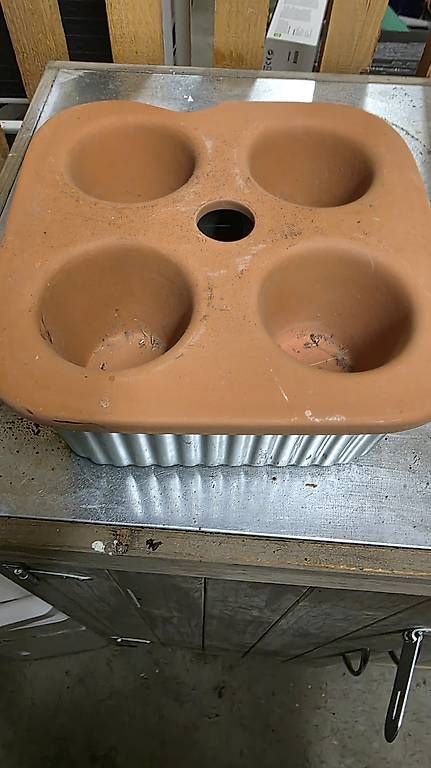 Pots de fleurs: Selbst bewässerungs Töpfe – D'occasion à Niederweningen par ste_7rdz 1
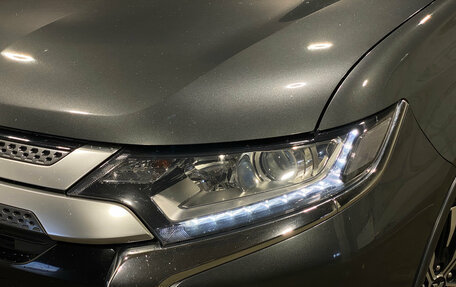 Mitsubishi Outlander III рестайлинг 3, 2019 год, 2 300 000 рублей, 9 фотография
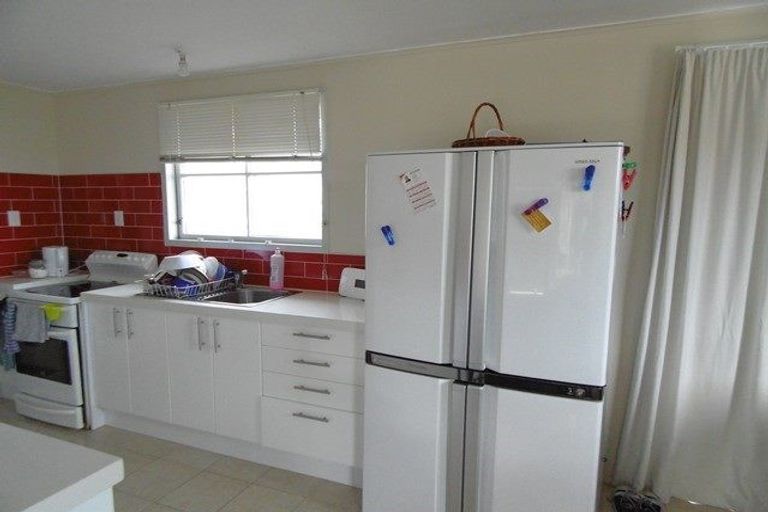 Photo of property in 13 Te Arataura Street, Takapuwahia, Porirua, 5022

=====

Retype the listing exactly. Leave the pictures out.

 Pots de fleurs: Selbst bewässerungs Töpfe – D'occasion à Niederweningen par ste_7rdz 1
 Mitsubishi Outlander III рестайлинг 3, 2019 год, 2 300 000 рублей, 9 фотография
 Photo of property in 13 Te Arataura Street, Takapuwahia, Porirua, 5022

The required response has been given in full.